Irgendwie, irgendwo, irgendwann – ein Grundrecht

Von heute auf morgen oder von langer Hand geplant: Mit dem Vertrag der ausländischen Firma in der Tasche und dem Recht auf „Arbeitnehmerfreizügigkeit“ im Gepäck ist der Auslandsaufenthalt praktisch kein Problem mehr. Außerdem erlaubt die „Niederlassungsfreiheit“ jedem Europäer, sich als Selbständiger dort beruflich niederzulassen, wo er möchte. Hierbei gilt: Die Anforderungen, die man in Ihrem neuen Zuhause an Sie stellt, dürfen nicht höher sein als die, die Einheimische schon immer erfüllen müssen.

Europa – eine riesige Jobbörse.
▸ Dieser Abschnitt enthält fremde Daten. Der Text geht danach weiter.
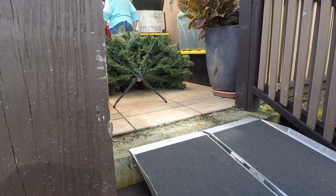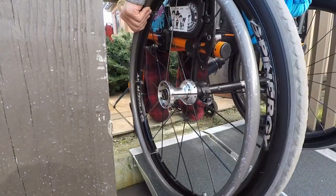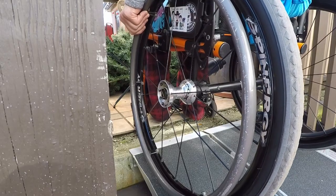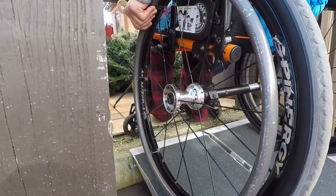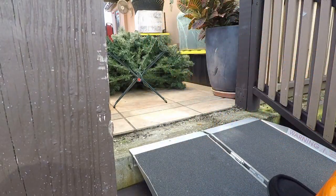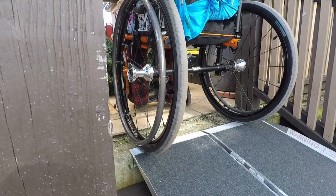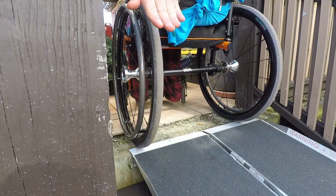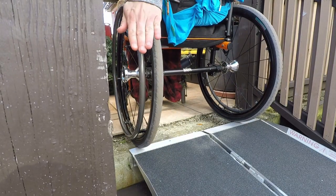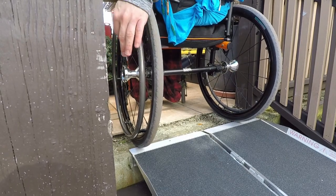Once I'm up here I still have this little tile lip that you can't just roll over — you need some strength to push through it. What I do is zoom in and give a good push like I'm doing a wheelie. Since I'm on an incline or decline, the wheelie doesn't look obvious, but I initiated it at the right time so the front wheels clear the lip without a hiccup or jolt.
Nach der mittleren Reife zog es Eva in die Ferne; raus aus dem Elternhaus und einmal ein anderes Land erkunden war ihr Ziel. Ob Fremdsprachenkenntnisse, Neugier auf eine andere Kultur, Tapetenwechsel oder einfach schon immermal nach Paris: Es gibt viele gute Gründe, sich wie Eva für einen Job(-wechsel) in das europäische Ausland zu entscheiden. Auch den Lebenslauf wertet eine solche Auslandserfahrung auf.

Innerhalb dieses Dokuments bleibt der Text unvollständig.